How to code factorial of an input with Recursivity in NASM x86

Question

%include "asm_io.inc"



segment .data

segment .bss



segment .text

    global asm_main

asm_main:


    enter 0,0
    pusha



    call    read_int

    push eax
    call fak_rekursiv
    add esp, 4



    call print_int
    call print_nl

    


    popa
    mov eax, 0
    leave
    ret

fak_rekursiv:

    enter 4, 0
    pusha

    

    mov eax, [ebp + 8]

    

    cmp eax, 0
    je ergebnis_1


    cmp eax, 1
    je ergebnis_1

    

    

    mov ebx, eax
    dec ebx
    mul ebx
    push ebx
    call fak_rekursiv
    pop ebx


            

    ergebnis:
        mov [ebp - 4], eax
        

    ergebnis_1:

        mov [ebp - 4], dword 1 

    popa
    mov eax, [ebp - 4]
    leave
    ret

I am learning to code on NASM and I was trying to understand recursion through using coding factorial but I got confused quickly.
How can I use Recursion in NASM to code factorial algorithm?

PIRIQITI · Answer 1 · 2023-01-14T14:51:00.733

2

actually I have coded up factorial just for fun earlier.

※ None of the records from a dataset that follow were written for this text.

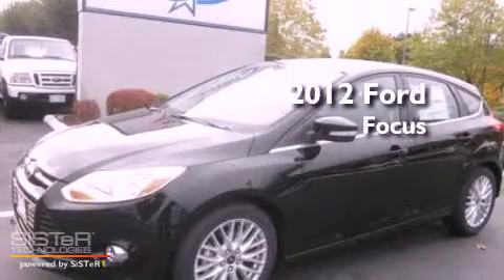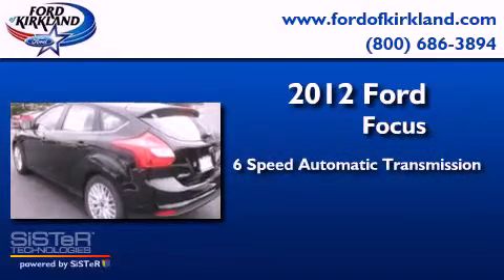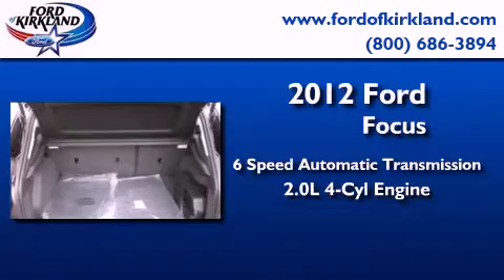This is a brand new 2012 Ford Focus. This car has a six-speed automatic transmission and an inline four-cylinder engine.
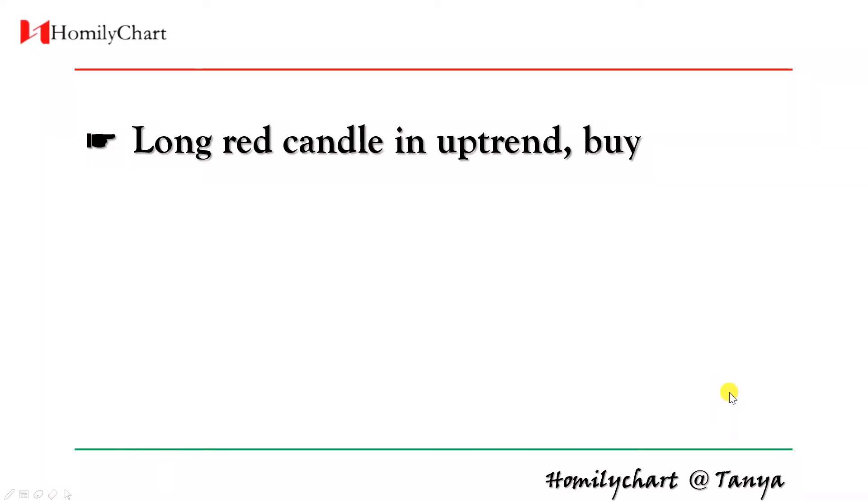Hi, this is Homily Chart. I'm Tanya. Today we're going to learn long red candle in uptrend.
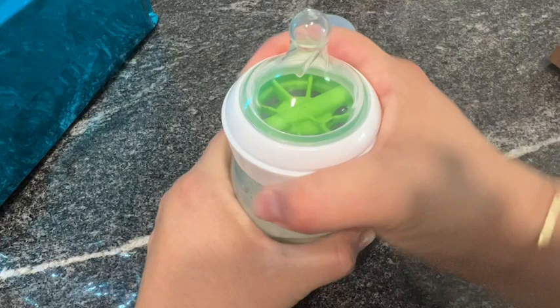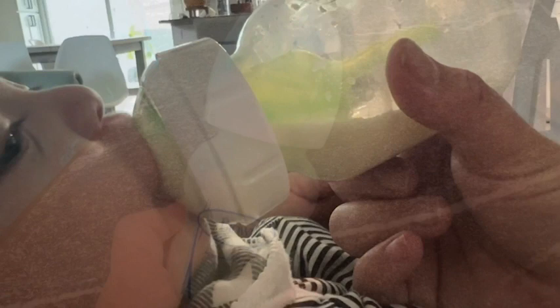The bottle is really easy to put together, and the nipple is a really great shape. If you're going back and forth between breastfeeding and bottle feeding, or if you're just making the transition to bottle feeding, your baby can get a nice latch. The flow is really consistent as well, so they can control how fast they're eating.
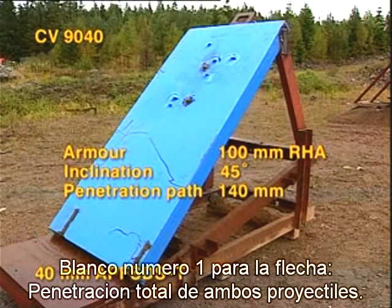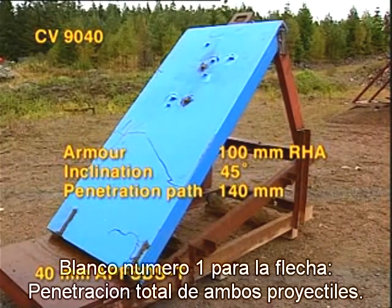For the APFSDS-T, total penetration by both projectiles.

And now I have dug through my files to find that code :) here you go, but it is more like a pseudo-code which I only stepped through debugger.

factorial:
    push    eax
    test    eax, 07FFFFFFEh
    jz      .exit
    dec     eax
    call    factorial
    mul     dword [esp]
.exit:
    pop     edx
    ret

put different values in eax and step through it in debugger.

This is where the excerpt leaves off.